***** Data excerpt

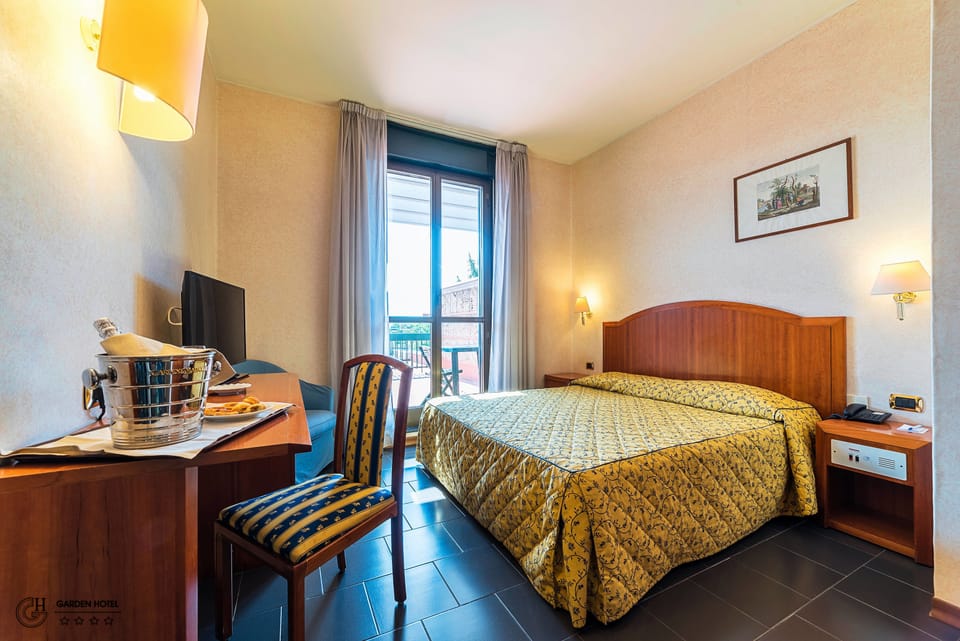 Quadruple Room | Down comforters, minibar, in-room safe, desk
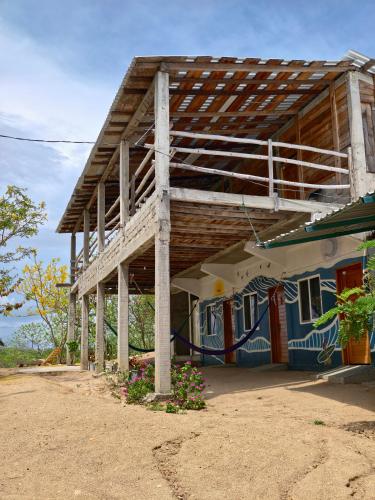 ein Haus mit einem Holzdach und Blumen davor in der Unterkunft El Cielo Hostel in Barra de la Cruz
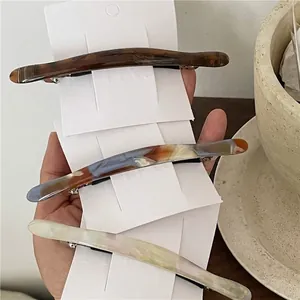 Three-piece acetate hair clips set with tortoise shell and marble texture designs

**********

:: What you will do ::
Omitting all pictures, give the preceding listing again exactly.

:: Response area ::
 Quadruple Room | Down comforters, minibar, in-room safe, desk
 ein Haus mit einem Holzdach und Blumen davor in der Unterkunft El Cielo Hostel in Barra de la Cruz
 Three-piece acetate hair clips set with tortoise shell and marble texture designs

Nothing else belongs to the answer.